What came out of it? We don't fully know yet. It is a famous Zen Buddhist maxim that in the mind of the expert there is only one solution, but in the beginner's mind, there are many possibilities. You can use this motto to dignify laziness, failure to commit, lack of precision in analysis, but I don't think we are doing that.
It is good to start with a fundamental question - does it make sense to put these issues together? Or are the individual problem areas already so complex that they defy sensible or politically-practical response?

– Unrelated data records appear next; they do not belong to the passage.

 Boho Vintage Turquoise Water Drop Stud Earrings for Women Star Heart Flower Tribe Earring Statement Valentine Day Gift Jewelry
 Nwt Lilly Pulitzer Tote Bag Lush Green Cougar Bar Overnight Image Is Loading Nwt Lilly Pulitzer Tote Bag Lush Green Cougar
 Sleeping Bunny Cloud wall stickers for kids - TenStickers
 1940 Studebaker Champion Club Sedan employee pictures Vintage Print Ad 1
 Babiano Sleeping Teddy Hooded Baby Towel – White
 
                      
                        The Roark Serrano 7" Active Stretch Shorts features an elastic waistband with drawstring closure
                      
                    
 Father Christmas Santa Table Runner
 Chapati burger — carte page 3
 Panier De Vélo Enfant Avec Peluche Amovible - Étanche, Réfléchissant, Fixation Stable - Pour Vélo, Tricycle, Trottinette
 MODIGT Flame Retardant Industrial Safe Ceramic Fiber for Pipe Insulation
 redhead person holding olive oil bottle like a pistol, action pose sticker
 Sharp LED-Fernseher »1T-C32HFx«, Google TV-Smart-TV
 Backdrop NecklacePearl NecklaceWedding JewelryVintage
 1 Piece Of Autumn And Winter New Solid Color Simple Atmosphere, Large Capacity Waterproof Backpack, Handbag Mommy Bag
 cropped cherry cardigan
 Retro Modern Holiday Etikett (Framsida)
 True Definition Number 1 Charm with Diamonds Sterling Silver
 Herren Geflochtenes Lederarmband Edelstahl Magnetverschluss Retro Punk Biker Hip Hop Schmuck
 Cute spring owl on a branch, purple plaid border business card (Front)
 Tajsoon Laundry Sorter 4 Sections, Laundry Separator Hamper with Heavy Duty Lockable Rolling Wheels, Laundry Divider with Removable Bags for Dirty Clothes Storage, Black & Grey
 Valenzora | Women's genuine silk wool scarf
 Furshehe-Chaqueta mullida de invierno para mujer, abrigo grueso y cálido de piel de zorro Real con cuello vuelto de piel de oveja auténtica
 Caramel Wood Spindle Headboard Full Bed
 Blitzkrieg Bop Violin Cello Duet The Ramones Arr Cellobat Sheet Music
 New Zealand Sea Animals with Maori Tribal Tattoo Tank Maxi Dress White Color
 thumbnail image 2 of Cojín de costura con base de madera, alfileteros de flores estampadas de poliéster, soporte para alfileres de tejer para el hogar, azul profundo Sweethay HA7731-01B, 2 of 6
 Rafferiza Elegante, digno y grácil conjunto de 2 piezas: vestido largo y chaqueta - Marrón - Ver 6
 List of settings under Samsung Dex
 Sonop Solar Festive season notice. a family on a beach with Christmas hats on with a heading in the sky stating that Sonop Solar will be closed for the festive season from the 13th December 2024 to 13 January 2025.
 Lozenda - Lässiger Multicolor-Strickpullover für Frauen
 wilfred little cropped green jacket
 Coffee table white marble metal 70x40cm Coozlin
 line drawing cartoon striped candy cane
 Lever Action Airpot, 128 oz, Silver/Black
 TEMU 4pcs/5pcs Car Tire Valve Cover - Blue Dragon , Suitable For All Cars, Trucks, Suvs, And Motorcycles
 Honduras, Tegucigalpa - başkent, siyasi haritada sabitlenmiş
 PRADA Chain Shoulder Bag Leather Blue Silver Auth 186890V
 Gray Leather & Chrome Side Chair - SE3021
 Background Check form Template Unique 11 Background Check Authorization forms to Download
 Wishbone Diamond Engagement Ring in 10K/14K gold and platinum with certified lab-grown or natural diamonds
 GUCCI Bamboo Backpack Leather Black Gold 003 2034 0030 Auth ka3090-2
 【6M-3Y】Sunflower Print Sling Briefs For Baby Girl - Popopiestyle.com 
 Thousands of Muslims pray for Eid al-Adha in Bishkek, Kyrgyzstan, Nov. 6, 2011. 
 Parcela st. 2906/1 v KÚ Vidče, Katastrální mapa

First - you have to start somewhere. We brought together a home team of some IDS specialists with colleagues from:
the Institute for Social and Environmental Transition - Richard Friend from their Asia region, which is specializing on urban resilience,
the International Institute for Environment and Development - urban specialist David Satterthwaite), and
the University of Sussex - Priya Deshingkar who has been involved in a major British government study on migration and global environmental change (pdf)
Some points I gleaned from the day are:
The overwhelming difficulty of really getting on top of any one "corner of the triangle" - climate change, migration or urbanization;
The importance of ensuring that ODA and climate funding is well targeted in the post-MDG world - it would be a huge wasted opportunity if the climate funding mechanisms went through the painful education of "learning from mistakes" which has characterized much of development funding history - we should know better by now;
That a polarized "urban is more important / no, it's not" debate would be a great waste of time. Neither the extremely poor in rural areas, nor those in cities are well served by the policies in most countries. Even a cursory review of post-financial crisis and climate change literature indicates the urgent need for solutions tailored to specific contexts - and suggest that many of these contexts will be even more challenging in the future.
That looking at urbanization and migration as complex processes, not just as "one-off" individual decisions brings a much deeper understanding.
For me, there is fertile ground to be explored in the overlap between resilience and wellbeing. The 'systems-thinking' of resilience is well adapted to provide a space in which all relevant factors can be introduced. But if the resilience sought is the resilience of 'the system' isn't there a danger that the vulnerable, poor, marginalized and excluded can be sacrificed in 'triage' when things get critical? (see the recent IDS working paper on whether resilience is a 'new utopia' or 'new tyranny'). The antidote could well be bottom-up understandings of wellbeing - actually finding out from ordinary people - migrants arriving in cities, for example, what would make their lives better.
My working hypothesis is that the creative area is the intersection between the "big drivers' and systems and the 'stories from below'. It is there that we discover that the subnational level is vital, that initiatives by slum dwellers are a vital component to urban priorities and governance.
The world often writes the agenda - the "storm warning" from the Caribbean and New York tells us through the cost in people's lives that neither poor countries like Haiti, nor a rich city like New York can pretend that we have cracked the issues of urban reliance in a time or more frequent and extreme weather events. I am convinced that there is agenda in there - but like cooking, it is not just about listing the ingredients, it's how to put them together and cooking until it's ready.
PS - During the lunch break, I checked my mail box. There - as promised - was the attractive and engaging Rockefeller Foundation book on the 'Century of the City'.
The day after our seminar, I worked through much of it in a quick preliminary reading. In it, David Satterthwaite says: "The international funding system is superbly disconnected from the sources of innovations. The World Bank does not fund them. Neither do the bilateral agencies. Almost all the big donors have moved away from supporting local engagement".
Now it has to be said that the book was published in 2008, so I await contradiction from donors who feel that critique was unfair then, and is certainly unfair now because of their ground-breaking initiatives on ........ ( please complete with examples and post them here!)